Not Just Any Community!
We hear a lot of talk today about community. People long for it, value it, work towards it, and extol the advantages of it. We want an alternative to the individuality of a “me generation” (which seems to extend far beyond just one generation) and point to self-centeredness (mostly in others!) as the cause of a great deal of societal ills.
And this is not just some passing fancy. It doesn’t take long to look into the Bible and see admonitions to love, serve, bear the burdens of, forgive, provide for, pray for, and not forsake the assembling with one another. Quite a few helpful sermon series build upon the various “one another” passages in the New Testament.
Sociologist Rodney Stark, in his important work The Rise of Christianity, attributes much of the growth of the early church to their emphasis on community. He concludes toward the end of that book, “Christianity did not grow because of miracle working in the marketplaces (although there may have been much of that going on), or because Constantine said it should, or even because the martyrs gave it such credibility. It grew because Christians constituted an intense community…And the primary means of its growth was through the united and motivated efforts of the growing numbers of Christian believers, who invited their friends, relatives and neighbors to share the ‘good news.’” (p. 208).
It would be easy to think Stark believes that community trumps all other factors, including doctrine.

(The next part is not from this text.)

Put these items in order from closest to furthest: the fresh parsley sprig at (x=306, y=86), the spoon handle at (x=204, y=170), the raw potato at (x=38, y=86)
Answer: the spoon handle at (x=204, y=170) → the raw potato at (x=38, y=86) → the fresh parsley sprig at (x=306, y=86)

In fact, I have heard some dismiss doctrine as unimportant with pleas such as, “If we just love people and show them how welcoming we are, they’ll come to faith as new members of our community.”

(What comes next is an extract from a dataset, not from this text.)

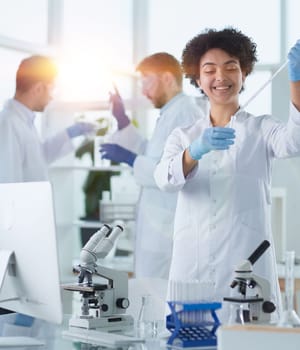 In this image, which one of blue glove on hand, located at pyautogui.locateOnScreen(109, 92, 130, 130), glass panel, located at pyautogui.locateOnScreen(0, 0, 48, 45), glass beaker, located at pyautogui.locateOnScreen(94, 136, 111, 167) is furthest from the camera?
glass beaker, located at pyautogui.locateOnScreen(94, 136, 111, 167)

Some secular and atheist groups attempt to form “caring communities” without any adherence to religious doctrine (except, I assume, that any doctrine about God or Jesus is not allowed). They say they can provide all the loving care of a church without the trappings of faith, dogma, or the supernatural.

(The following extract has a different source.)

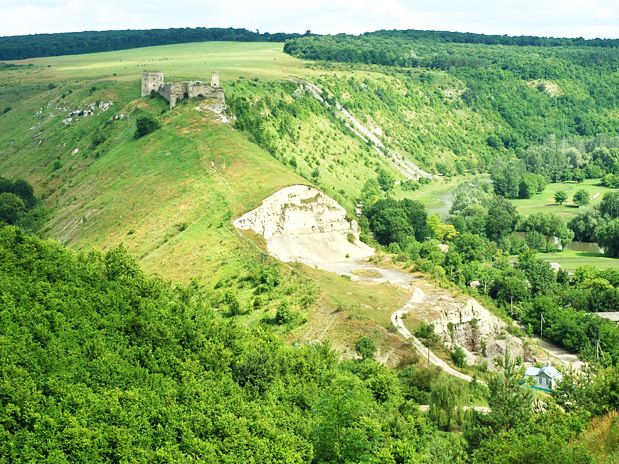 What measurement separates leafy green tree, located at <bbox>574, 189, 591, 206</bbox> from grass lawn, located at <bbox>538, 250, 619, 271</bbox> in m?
39.5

But I think a closer reading of Stark would reject this downplay of doctrine. He disagrees with “historians today” who “are more than willing to discuss how social factors shaped religious doctrines” but “at the same time…have become somewhat reluctant to discuss how doctrines may have shaped social factors.” It isn’t just any community that provides the kind of acceptance, care, love, forgiveness, and grace that people long for and need. He says his “thesis” is that, “Central doctrines of Christianity prompted and sustained attractive, liberation, and effective social relations and organizations.” (p. 211).
As an illustration, he dedicates an entire chapter exploring how the early church offered unparalleled care for people during epidemics. It wasn’t just that Christians valued health or the need for people to “die with dignity.” In contrast to others who did far less to care for the sick, the early church reached out (often risking or even sacrificing their own health and safety) because “Christianity offered a much more satisfactory account of why these terrible times had fallen upon humanity, and it projected a hopeful, even enthusiastic, portrait of the future.” (p. 74).
The implications go far beyond medical care. A gospel-shaped community cares for the rejected because Christ was rejected in our place. We love the unlovely because the Messiah became unlovely for us so we could experience the greatest love. We are patient because we marvel at how patient God has been with us. We risk our earthly life in the service of others because we have the guarantee of another, better life. It’s not just any community that people need and long for. It’s one tied to and shaped by an eternal community.